|The Other Side of the Story
Luke Eric Lassiter ‘90 was awarded the 2005 Margaret Mead Award, presented annually to a young scholar for an accomplishment such as a book, film or service that interprets anthropological data and principles in a way that is meaningful to the public. Lassiter received the award for his book, The Other Side of Middletown: Exploring Muncie’s African American Community, published in 2004 by AltaMira Press.
Lassiter, director of the graduate humanities program and professor of humanities and anthropology at Marshall University, says the recognition bestowed on The Other Side of Middletown is “tremendously gratifying, especially because it is a significant endorsement of the hard work put forth by the students, Muncie community members and faculty who together worked on [the] project.” Lassiter was associate professor of anthropology at Ball State University in Muncie, Indiana before joining the Marshall faculty in August 2005.

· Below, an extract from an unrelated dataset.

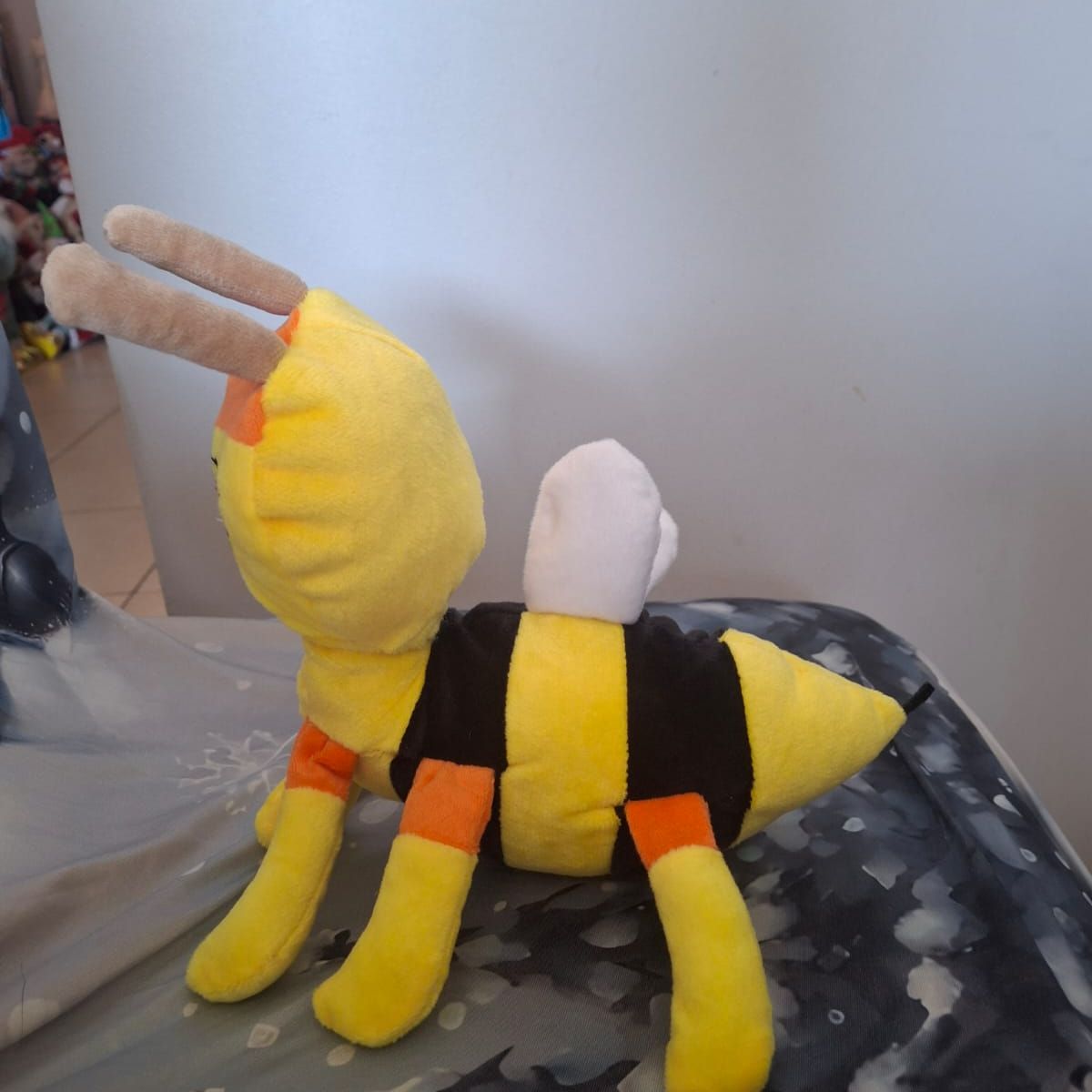 GENERICO - Abejita Chiquitita  - Con Canción Original Viral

The book is a collaborative effort to “document the history and contributions of the African American community to Muncie.” The 1929 sociology classic Middletown: A Study of a Modern American Culture, written by Robert and Helen Lynd, first recorded life in Muncie as being representative of typical American communities. However, the book failed to include African Americans, who were a growing population in Muncie and a proportionally larger community in Muncie than in major cities like Chicago and New York. “The Lynds were a product of their time, and though they missed an important demographic fact, they were working within the research framework of their time,” says Lassiter.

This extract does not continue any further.